“Behold this Creature’s Form and State”

Such is the pity that all too often throughout history, artists and writers become famous only after they die.

Katherine Phillips, however, was one of the first women to become well known as a poet during her own lifetime, and in the 17th century, no less. In fact, Phillips was the first woman to see her work performed on the commercial stage in Britain or Ireland. She wrote some 125 poems on a variety of subjects, but today, she is best known for her poetry on female friendship, particularly among feminist scholars. While she is regarded as one of the most important figures in English women’s literary history, Phillips is considered to be a key figure within the history of 17th-century English-language poetry, irrespective of gender.

She started writing when she was a precocious teenager, and though she, herself, married when she was sixteen, many of her poems were addressed to female friends whose marriages she feared would lead to the end of their close friendships.  She also wrote about events within her local community, and as well as poems that expressed her royalist sympathies. At least four of her elegies and epitaphs were actually carved on church monuments, the only one known to have survived inscribed on John Lloyd’s monument in Cilgerron Church.

She knew tragedy. Two touching poems allude to the death of her one son, Hector, in infancy. Another poem commemorates her stepdaughter, Frances Philips, who died at the age of thirteen. She did have a daughter, Katherine, who gave birth to fifteen children, fourteen of whom died before her. The grief of mother and grandmother is hard to fathom.

Sadly, of Philips died of smallpox when she was only 32. She was buried alongside with her father, grandparents, and infant son, in the church of St Benet Sherehog in London.

After their early popularity, Philips’s work faded, and were little known in the 18th and the 19th centuries; John Keats, an English poet of the second generation of Romantic poets, was an important exception and not only had he admired her poetry, he recommended it to friends.
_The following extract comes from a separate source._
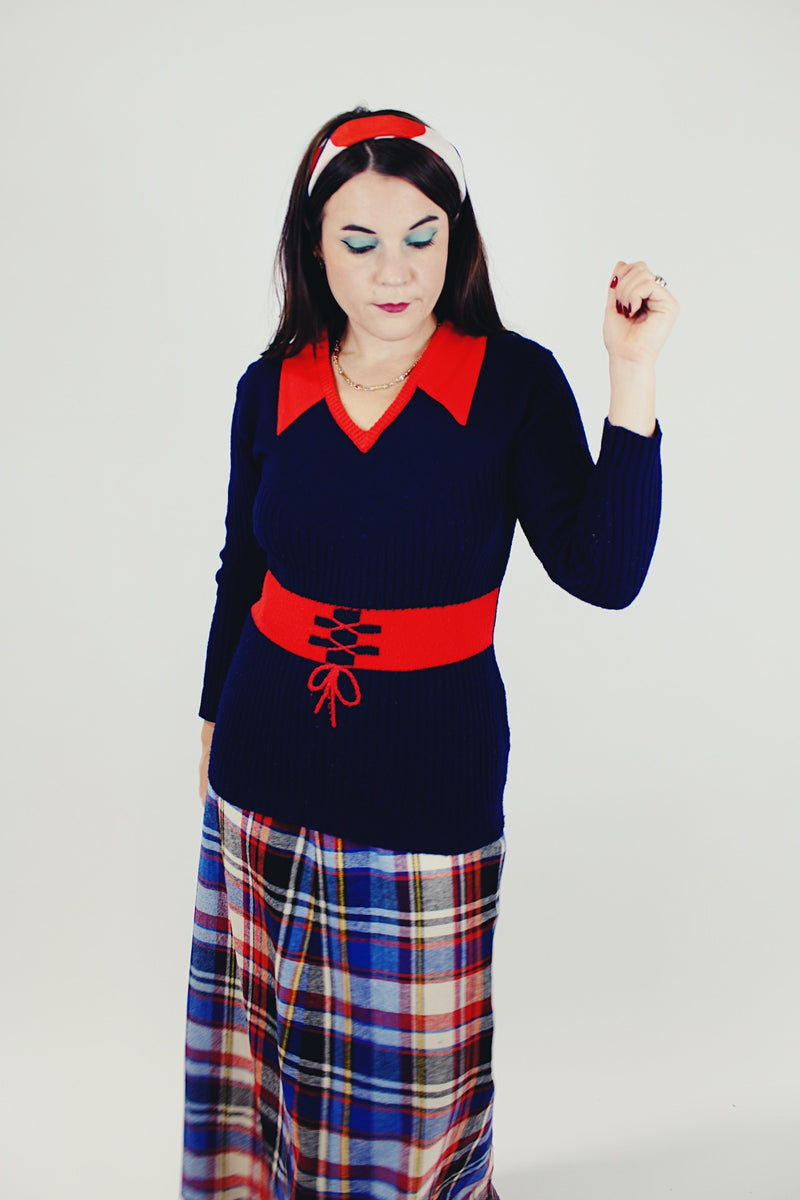 women's vintage long sleeve pullover sweater navy with red faux collar and belt that's knitted into the sweater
The year she died, Katherine (known by the pen name, “The Matchless Orindo” wrote a poem about an Irish Greyhound. By then, some students of the genre had detected a shift in her work which they attributed to her time in Dublin, and it’s been suggested that the poem represented a metaphor for a new relationship between Ireland and Britain.  We can offer no opinion on that score, but we can weigh in on the fact that there is no such breed as an Irish Greyhound. There are Greyhounds in Ireland, of course, but Phillips was writing about the Irish Wolfhound:

The Irish Greyhound

Behold this creature’s form and state;
Which nature therefore did create,
That to the world might be exprest
What mien there can be in a beast;

And that we in this shape may find
A lion of another kind.
For this heroic beast does seem
In majesty to rival him,

And yet vouchsafes to man to show
Both service and submission, too.
From whence we this distinction have,
That beast is fierce, but this is brave.

This dog hath so himself subdued
That hunger cannot make him rude,
And his behavior does confess
True courage dwells with gentleness.

With sternest wolves he dares engage,
And acts on them successful rage.
Yet too much courtesy may chance
To put him out of countenance.

When in his opposer’s blood
Fortune hath made his virtue good,
This creature from an act so brave
Grows not more sullen, but more brave.

Man’s guard he would be, not his sport,
Believing he hath ventured for’t;
But yet no blood, or shed or spent,
Can ever make him insolent.

Few men of him to do great things have learned,
And when they’re done to be so unconcerned.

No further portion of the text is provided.